Almost two thirds (62%) of the FTSE 100 have previously been sued or initiated legal action, highlighting the increasingly litigious environment, and with 65% of the FTSE 100 having US offices and 88% global operations, this inclination to sue could get worse in line with the highly litigious nature of the US and complexities of international legal requirements.
92% of the FTSE 100 were found to have disparate information channels across the business e.g. twitter, email and paper, and with the growing use of non-searchable multimedia platforms like YouTube and technologies which move data outside the organisation, such as cloud computing, organisations could be storing up a huge problem if requested to provide information to meet legal requirements.
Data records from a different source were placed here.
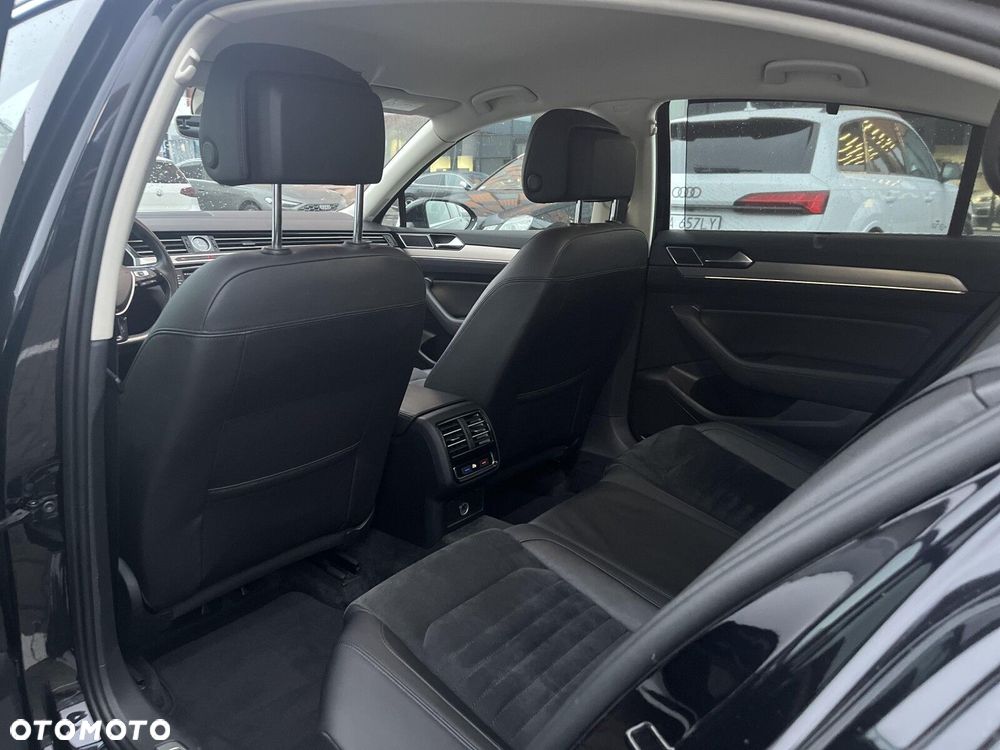 Volkswagen Passat 1.8 TSI BMT Highline - 35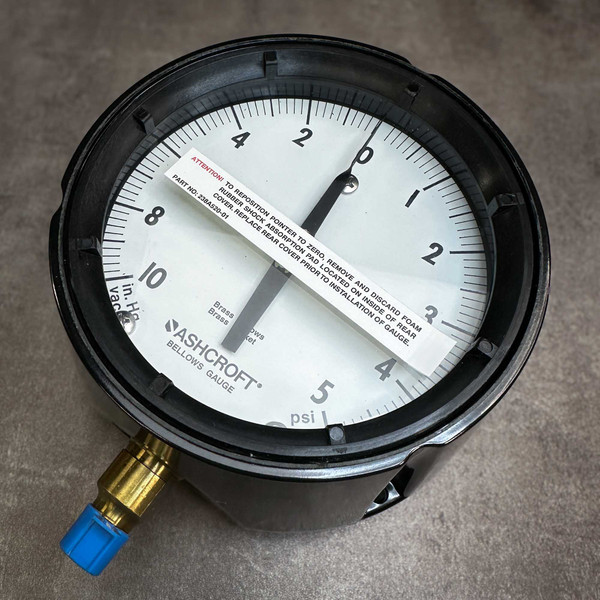 Ashcroft Vacuum/Pressure Gauge 4.5" Dial, 1/4" Brass Socket
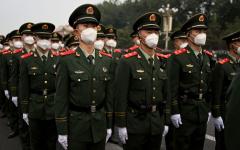 2022年10月1日，中共国殇日当天，北京天安门广场升旗典礼结束后，士兵列队站岗。（图片来源：Getty Images）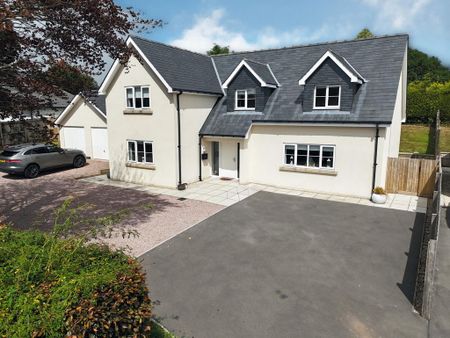 5 bedroom detached house to rent - Photo 2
Almost a quarter (21%) of FTSE 100 companies have a lower share price today than they did a year ago, indicating increased pressure from shareholders to improve the financial position of the company. In line with Fulbright’s 2009 Litigation Trends Report which revealed that “repercussions from the economic downturn are chief among the reasons for expecting more litigation”, increased financial pressure could imply these FTSE 100 companies are more inclined to take out legal action for cases that otherwise might be more easily resolved.
Only 12% of FTSE 100 companies were judged to be ‘low risk’, with real estate and retail companies amongst the lucky few. With international budget cuts affecting revenue opportunities and diminishing consumer spending power, these organisations could however find themselves rapidly moving into higher risk categories.